Task requirements: Every line from the one with "Halogen Tail Light" up to and including the one with "Manière De Voir" is to be output exactly as it appears below; pictures are not.

Information:
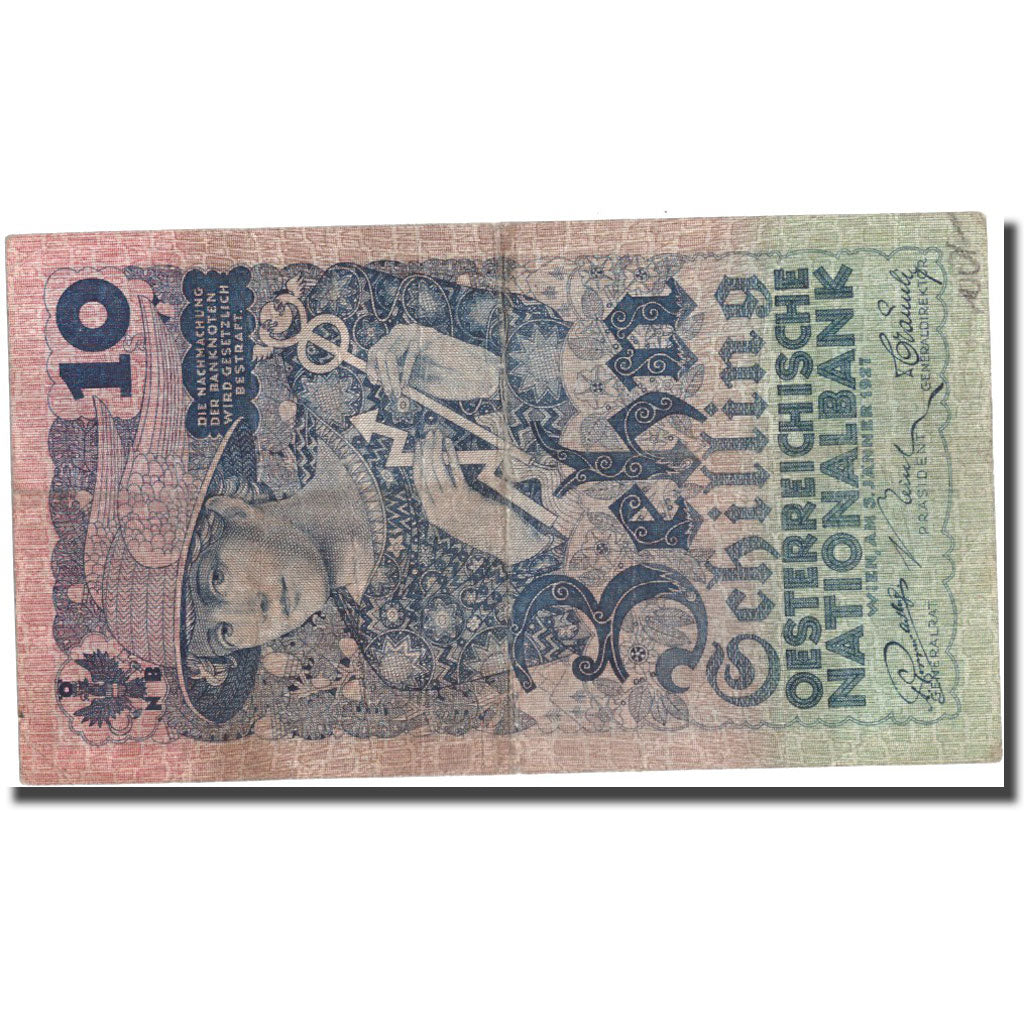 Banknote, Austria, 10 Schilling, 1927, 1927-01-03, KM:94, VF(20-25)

---

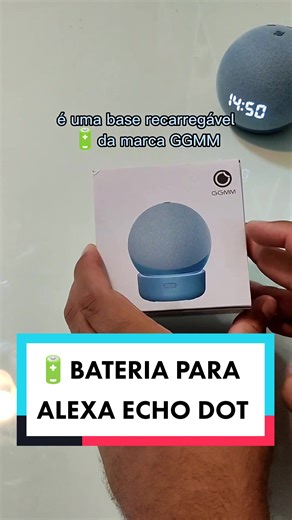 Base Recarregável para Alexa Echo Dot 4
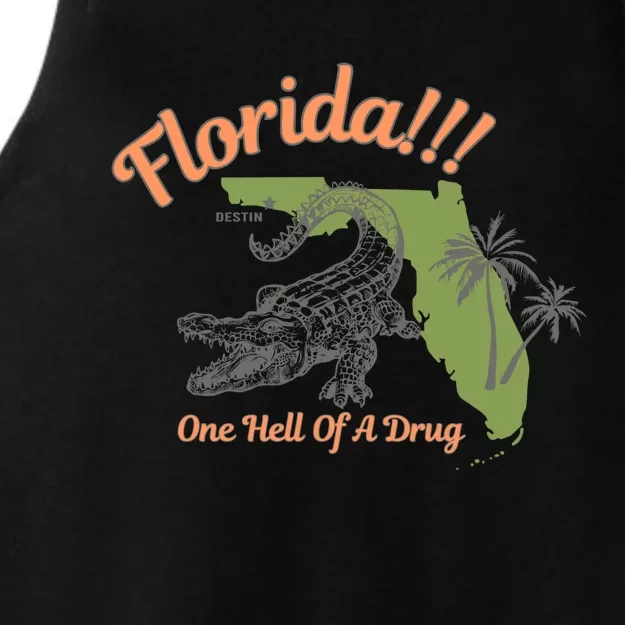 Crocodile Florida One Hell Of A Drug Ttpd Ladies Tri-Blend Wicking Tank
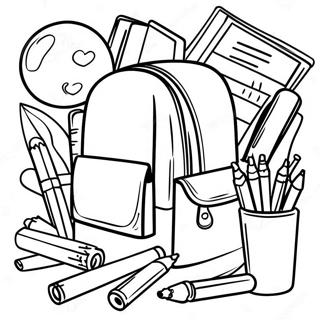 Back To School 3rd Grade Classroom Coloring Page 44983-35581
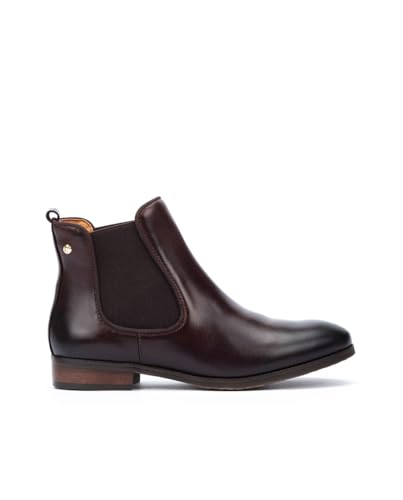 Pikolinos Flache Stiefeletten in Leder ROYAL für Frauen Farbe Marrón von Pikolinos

* * *

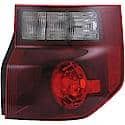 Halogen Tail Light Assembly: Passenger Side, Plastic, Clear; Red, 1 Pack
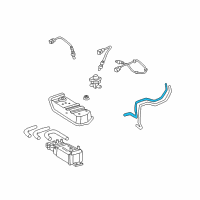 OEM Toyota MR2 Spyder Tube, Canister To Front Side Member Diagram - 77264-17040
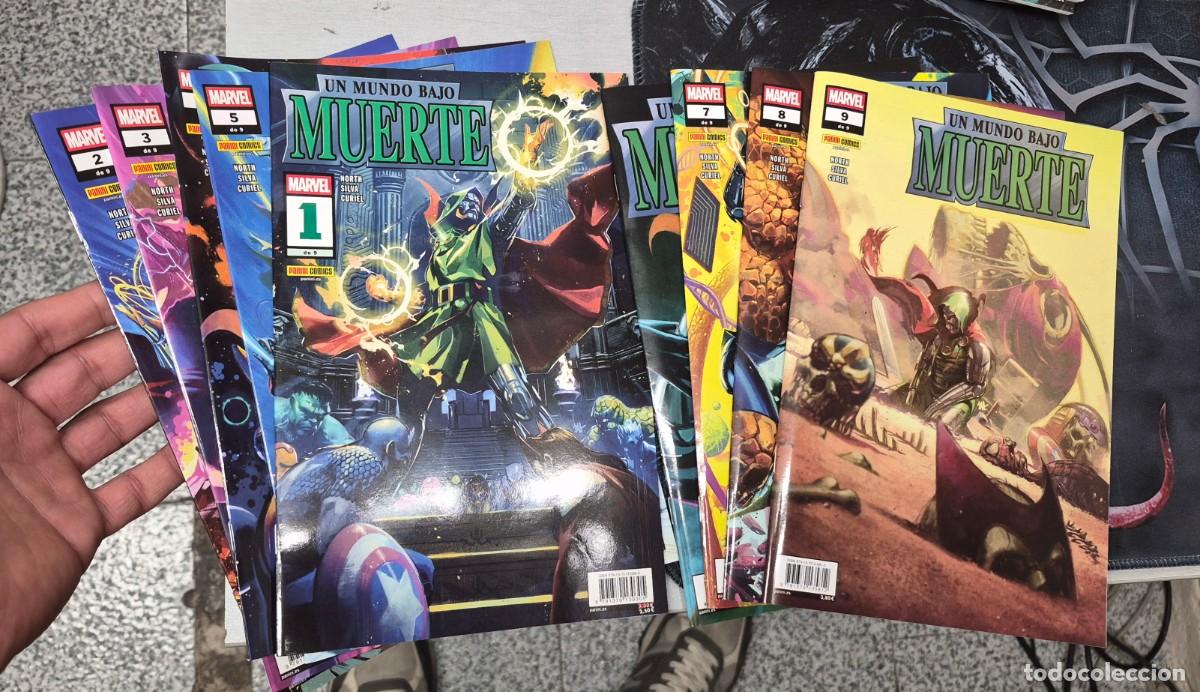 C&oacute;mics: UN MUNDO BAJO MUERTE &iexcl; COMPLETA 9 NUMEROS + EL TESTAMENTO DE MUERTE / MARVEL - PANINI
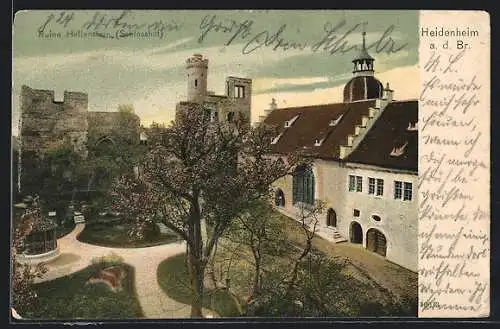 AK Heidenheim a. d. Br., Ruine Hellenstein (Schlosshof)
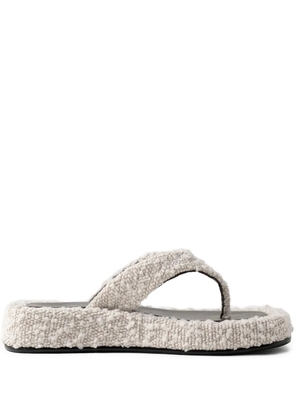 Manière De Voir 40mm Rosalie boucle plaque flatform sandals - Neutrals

Reply to the task:
 Halogen Tail Light Assembly: Passenger Side, Plastic, Clear; Red, 1 Pack
 OEM Toyota MR2 Spyder Tube, Canister To Front Side Member Diagram - 77264-17040
 C&oacute;mics: UN MUNDO BAJO MUERTE &iexcl; COMPLETA 9 NUMEROS + EL TESTAMENTO DE MUERTE / MARVEL - PANINI
 AK Heidenheim a. d. Br., Ruine Hellenstein (Schlosshof)
 Manière De Voir 40mm Rosalie boucle plaque flatform sandals - Neutrals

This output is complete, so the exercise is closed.